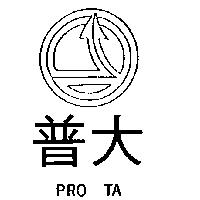 普大及圖 PRO TA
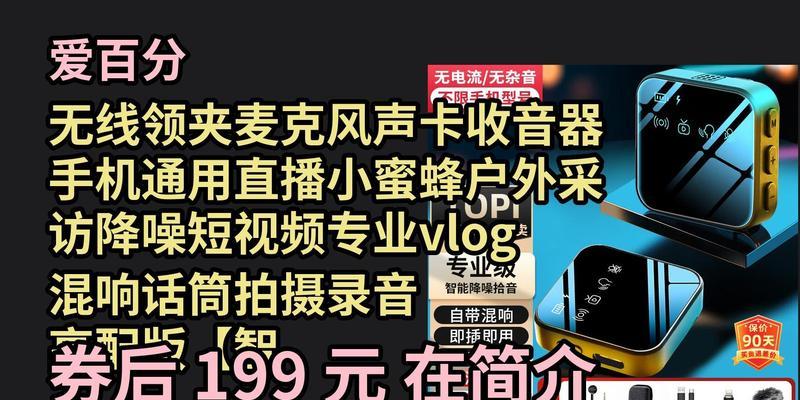 直播时降噪麦如何调整？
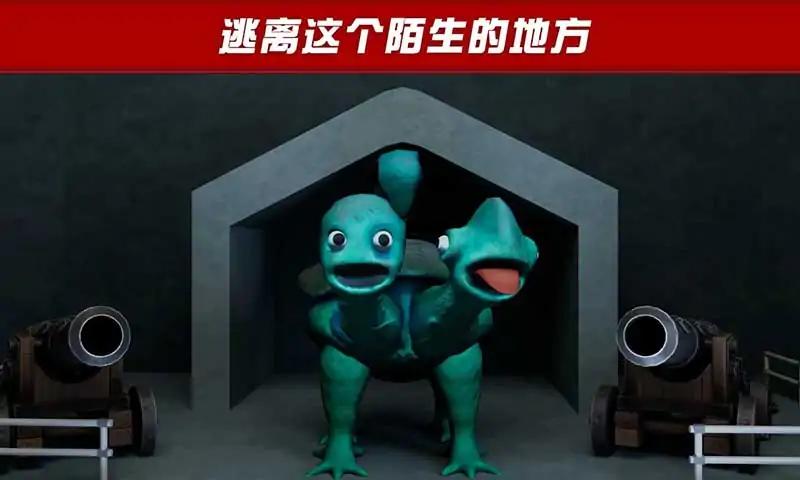 班班怪物冒险生存(2)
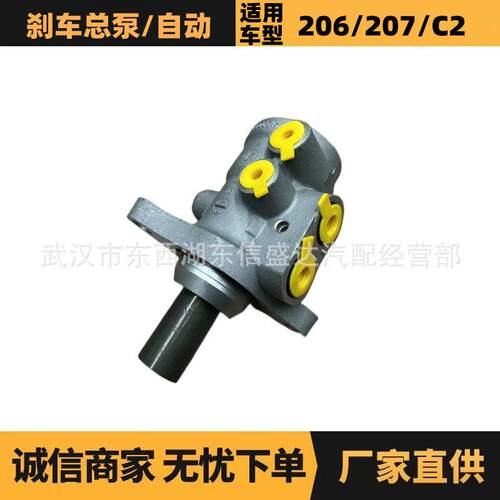 适用标致雪铁龙206刹车总泵/自动OE:4601J1优势供应制动系统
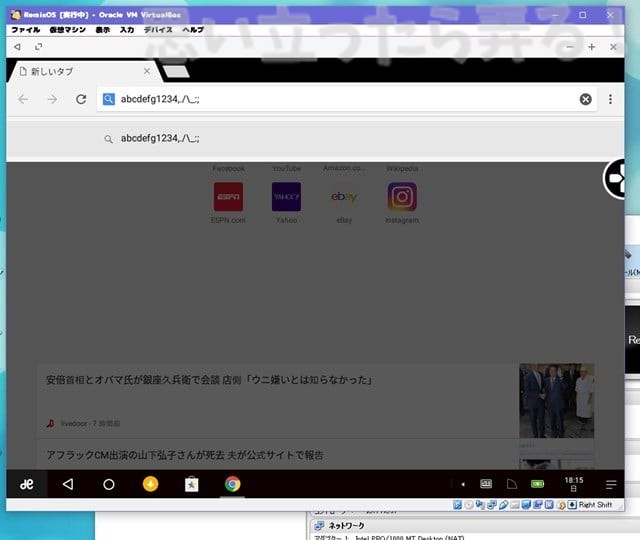 20180328 omoiji RemixOS on VirtualBox 0030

---+---

#### Your task
Any picture in the material is to be dropped; the rest is repeated exactly.

#### Exercise response
 普大及圖 PRO TA
 直播时降噪麦如何调整？
 班班怪物冒险生存(2)
 适用标致雪铁龙206刹车总泵/自动OE:4601J1优势供应制动系统
 20180328 omoiji RemixOS on VirtualBox 0030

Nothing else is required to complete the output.